Task statement: Only the stretch below from the line holding "Ethics Futurists must" through the line holding "Download the video" should be restated, word for word and with both ends included; pictures stay out.

Pictures with short captions:
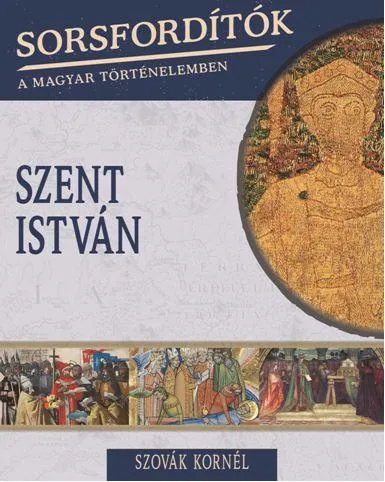Vásárlói kedvenc Szent István - Sorsfordítók a magyar történelemben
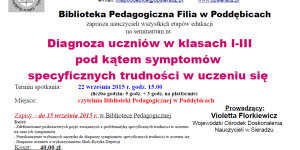 Diagnoza uczniów pod kątem symptomów specyficznych trudności w uczeniu się
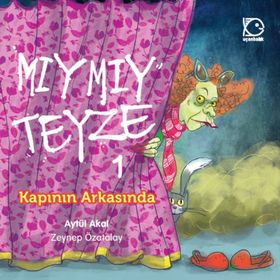 Mıymıy Teyze 1 - Kapının Arkasında - Aytül Akal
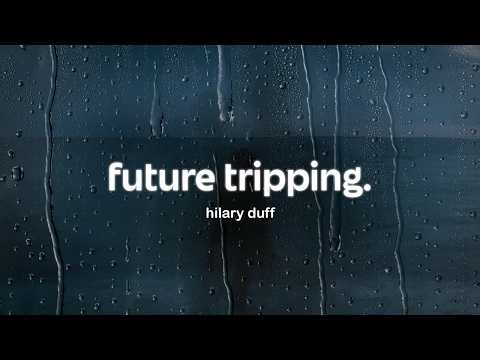 hilary duff - future tripping (lyrics)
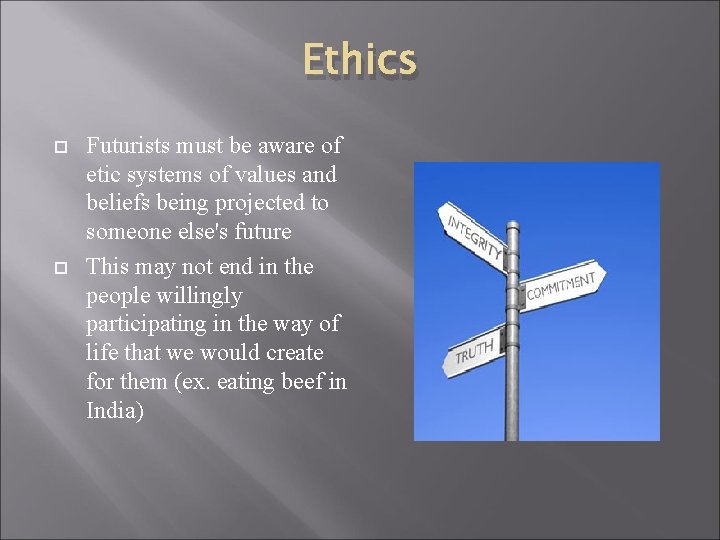 Ethics Futurists must be aware of etic systems of values and beliefs being projected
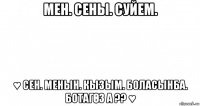 мен. сены. суйем. ♥ сен. менын. кызым. боласынба. ботагӨз а ?? ♥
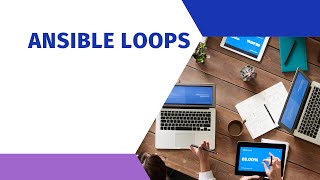 Download the video "ansible Loops #creating_users"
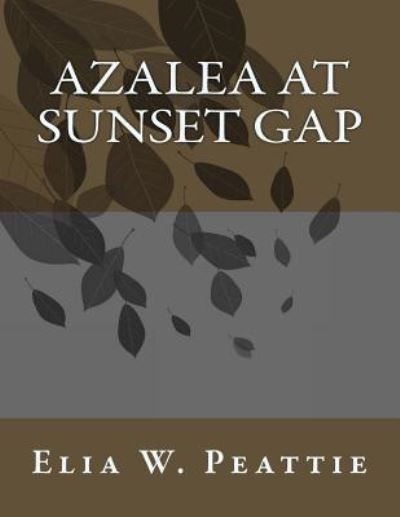 Cover for Elia W Peattie · Azalea at Sunset Gap (Paperback Book) (2017)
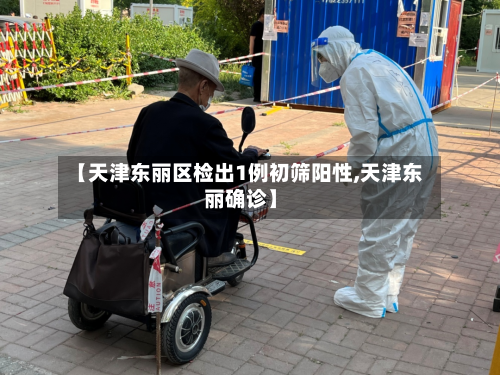 【天津东丽区检出1例初筛阳性,天津东丽确诊】-第1张图片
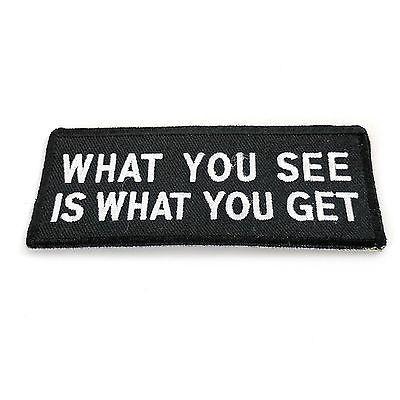 What You See is What You Get Patch - PATCHERS Iron on Patch
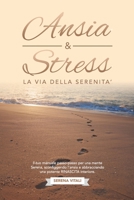 Ansia e Stress: La Via della Serenità: Il tuo manuale passo-passo per una mente Serena, sconfiggendo l'ansia e abbracciando una potente RINASCITA interiore. (Italian Edition) B0CNZ6FBXT Book Cover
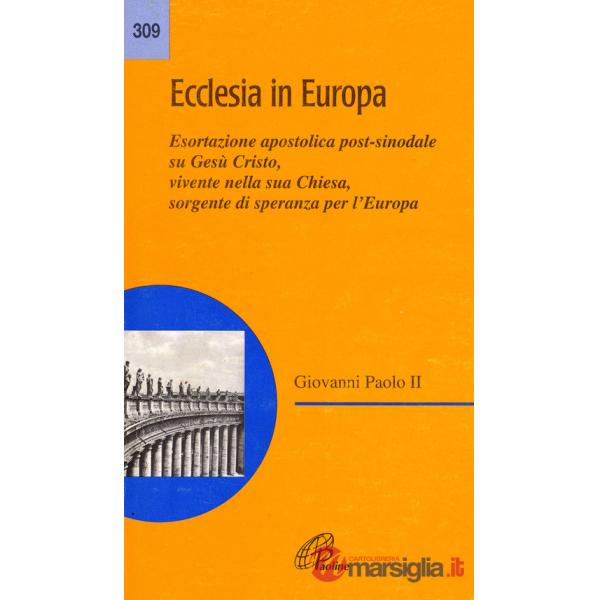 Ecclesia in Europa. Esortazione apostolica post-sinodale su Gesù Cristo, vivente nella sua Chiesa, sorgente di speranza per l'Eu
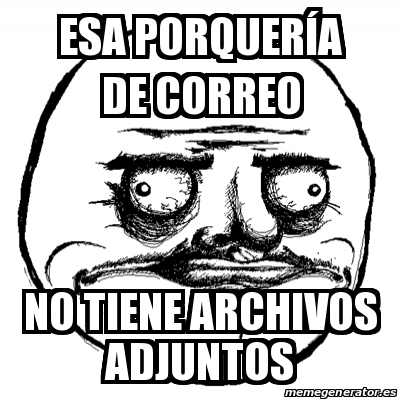 Meme Me Gusta Esa Porquer A De Correo No Tiene Archivos Adjuntos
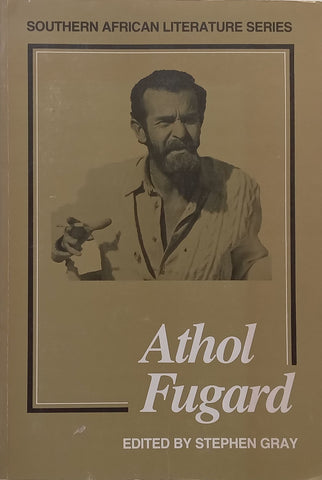 Athol Fugard | Stephen Gray (Ed.)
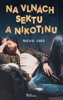 NA VLNÁCH SEKTU A NIKOTINU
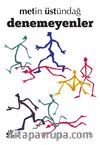 Denemeyenler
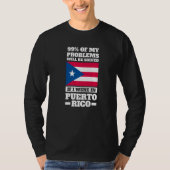 99 of my problems will be solved Puerto rico Puert T-shirt (Voorkant)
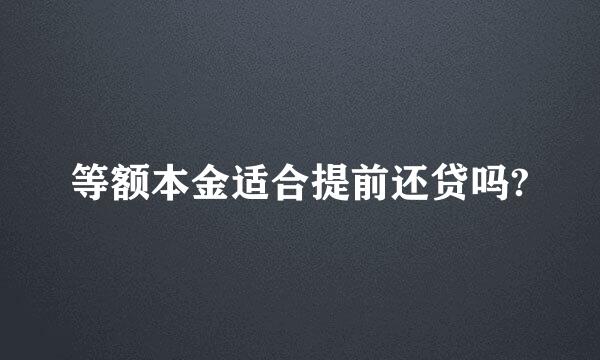 等额本金适合提前还贷吗?
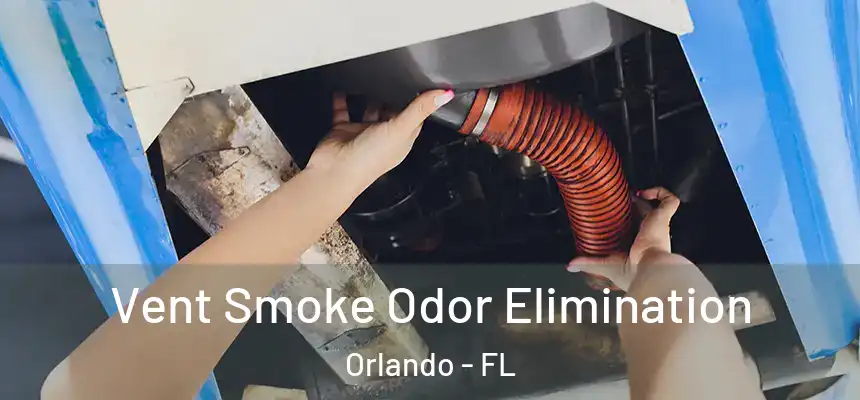  Vent Smoke Odor Elimination Orlando - FL
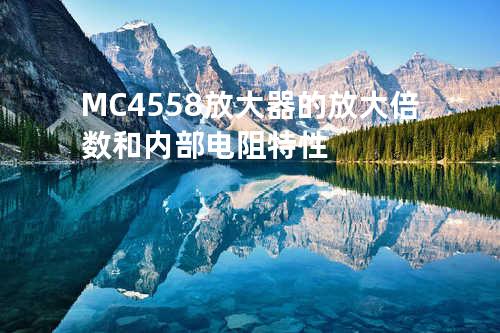 MC4558 放大器的放大倍数和内部电阻特性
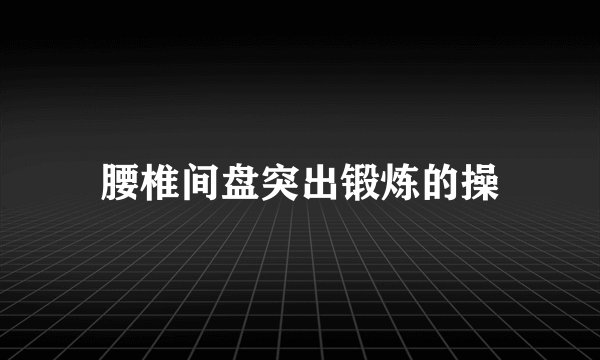腰椎间盘突出锻炼的操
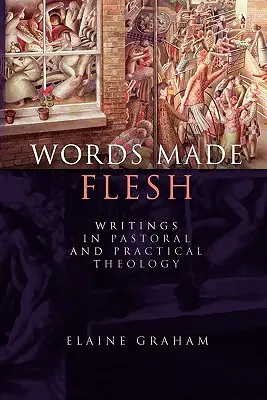 Palabras hechas carne: Escritos de teología pastoral y práctica - Words Made Flesh: Writings in Pastoral and Practical Theology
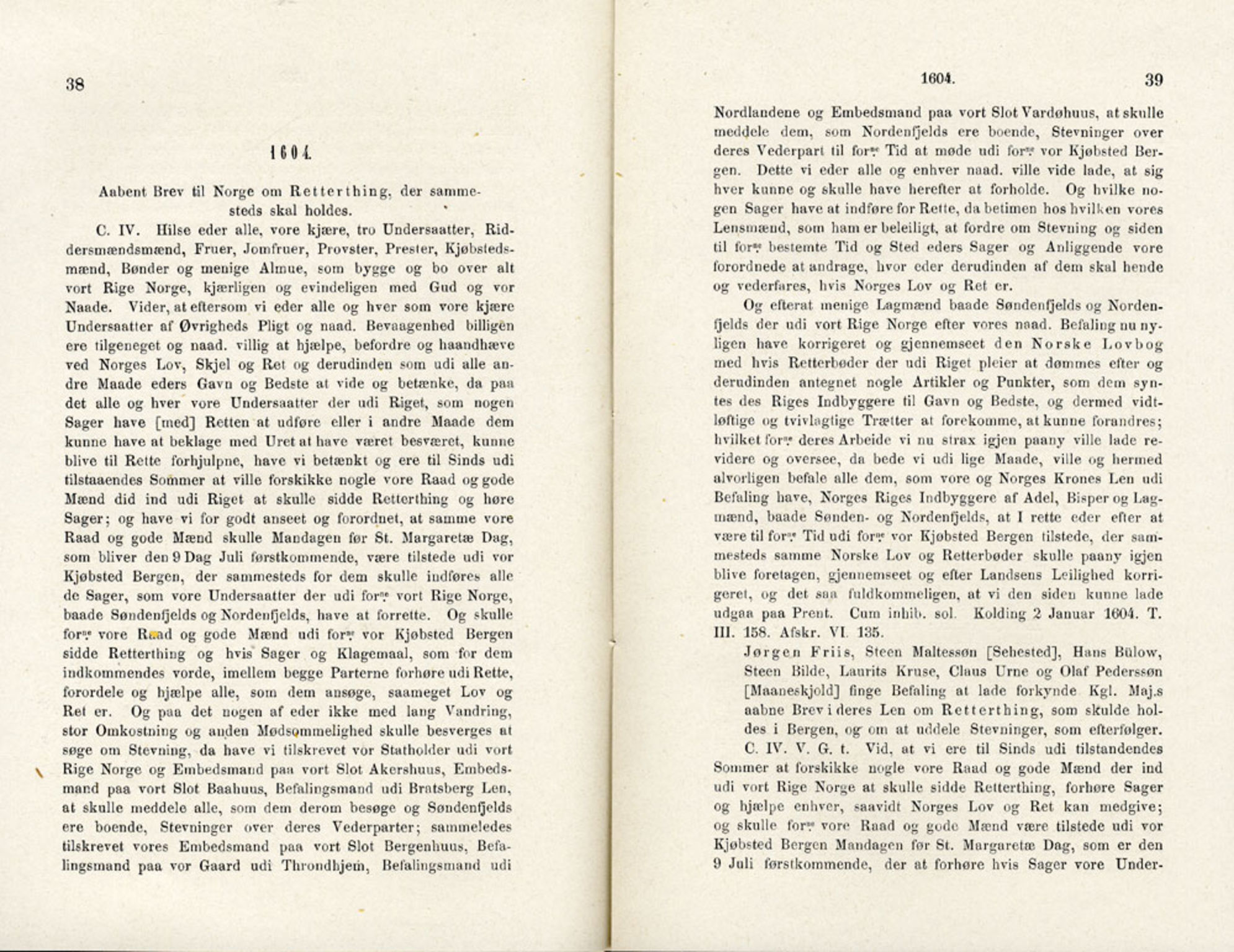 Publikasjoner utgitt av Det Norske Historiske Kildeskriftfond, PUBL/-/-/-: Norske Rigs-Registranter, bind 4, 1603-1618, p. 38-39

Solution for this problem:
 Ethics Futurists must be aware of etic systems of values and beliefs being projected
 мен. сены. суйем. ♥ сен. менын. кызым. боласынба. ботагӨз а ?? ♥
 Download the video "ansible Loops #creating_users"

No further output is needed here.